BEGIN Data in this exercise

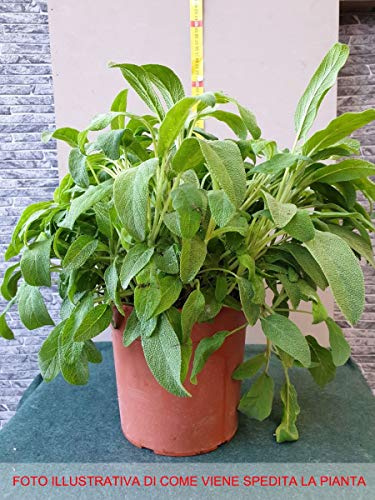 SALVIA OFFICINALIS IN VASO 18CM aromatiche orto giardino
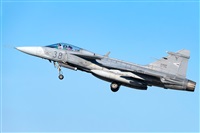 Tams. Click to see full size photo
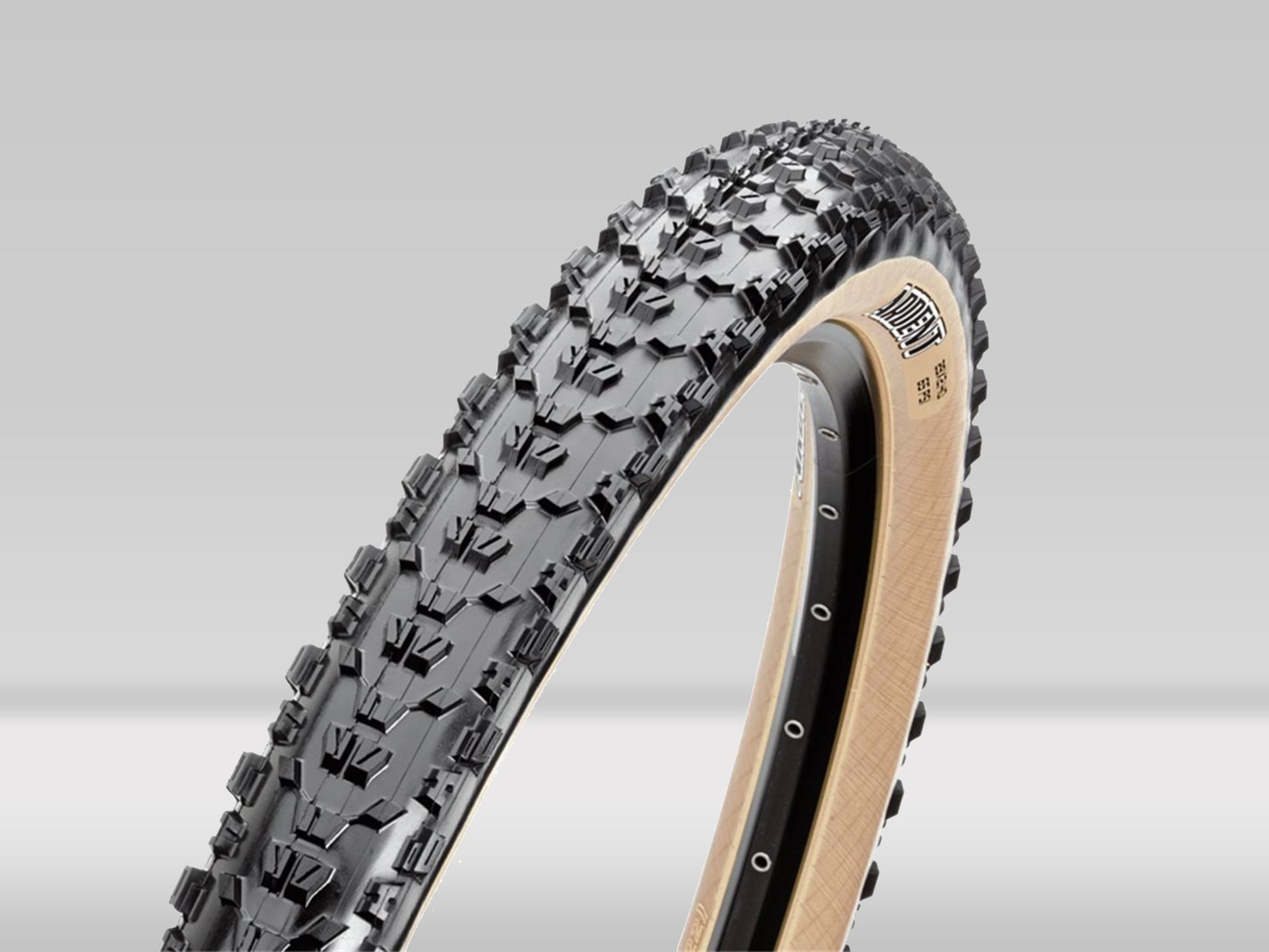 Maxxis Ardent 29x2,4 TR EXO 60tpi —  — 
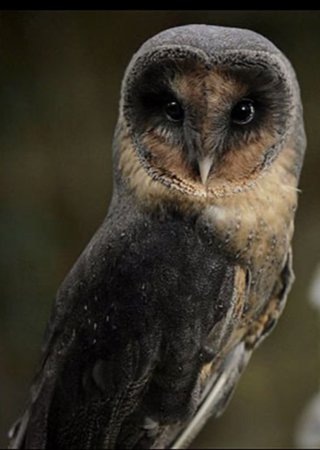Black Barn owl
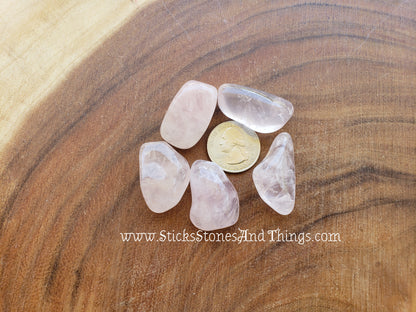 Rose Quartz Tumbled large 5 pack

END Data in this exercise
BEGIN Data in this exercise

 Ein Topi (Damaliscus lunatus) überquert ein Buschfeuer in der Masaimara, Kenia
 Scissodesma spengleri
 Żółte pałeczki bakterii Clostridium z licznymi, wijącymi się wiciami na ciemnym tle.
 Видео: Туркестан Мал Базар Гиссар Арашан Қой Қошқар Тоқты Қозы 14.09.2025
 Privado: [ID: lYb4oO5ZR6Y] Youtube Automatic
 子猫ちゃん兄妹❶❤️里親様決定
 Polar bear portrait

END Data in this exercise
BEGIN Data in this exercise

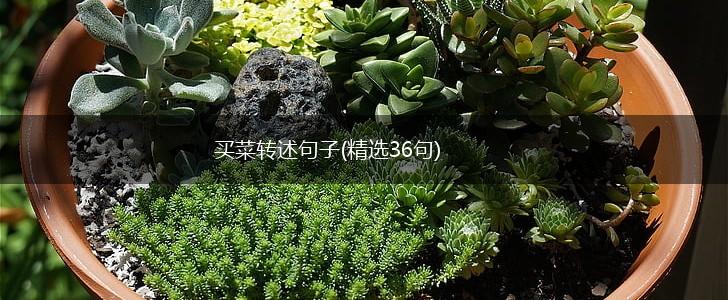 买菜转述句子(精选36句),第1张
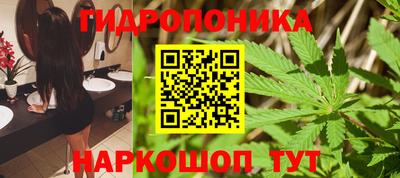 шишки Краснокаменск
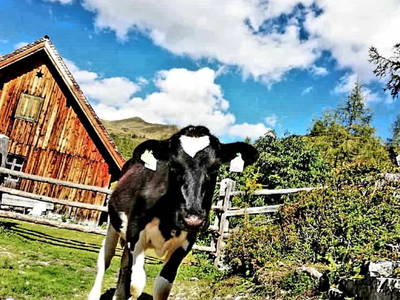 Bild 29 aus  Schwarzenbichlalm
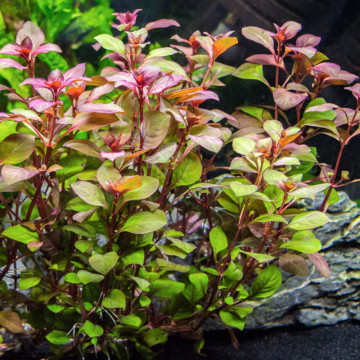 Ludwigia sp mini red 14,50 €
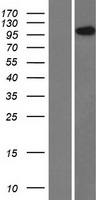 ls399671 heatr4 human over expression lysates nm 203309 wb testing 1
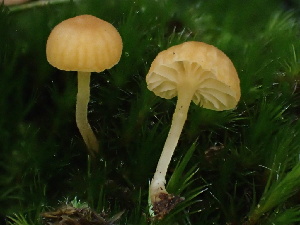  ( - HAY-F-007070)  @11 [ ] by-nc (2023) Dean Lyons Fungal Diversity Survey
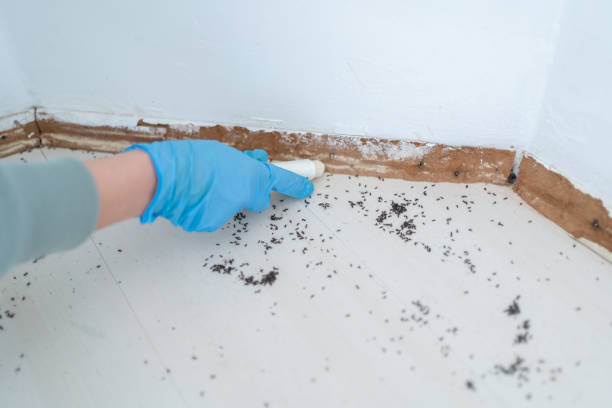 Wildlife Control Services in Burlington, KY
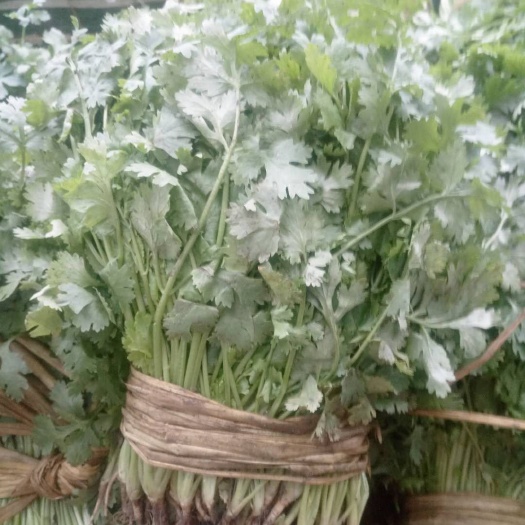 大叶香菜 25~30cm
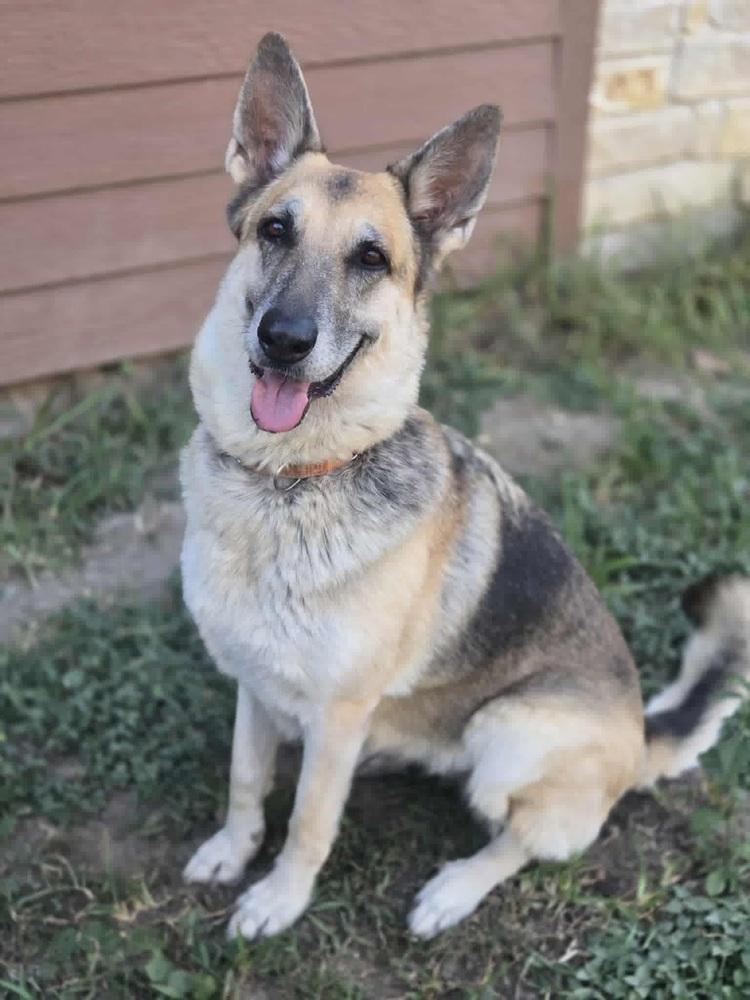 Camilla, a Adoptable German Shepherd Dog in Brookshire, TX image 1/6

END Data in this exercise

> _What the task asks_
Taking the material above, give again exactly the lines from the one holding "Ludwigia sp mini red 14,50 €" through the one holding "Camilla, a Adoptable", with both ends and without pictures.

> _Completed exercise_
 Ludwigia sp mini red 14,50 €
 ls399671 heatr4 human over expression lysates nm 203309 wb testing 1
  ( - HAY-F-007070)  @11 [ ] by-nc (2023) Dean Lyons Fungal Diversity Survey
 Wildlife Control Services in Burlington, KY
 大叶香菜 25~30cm
 Camilla, a Adoptable German Shepherd Dog in Brookshire, TX image 1/6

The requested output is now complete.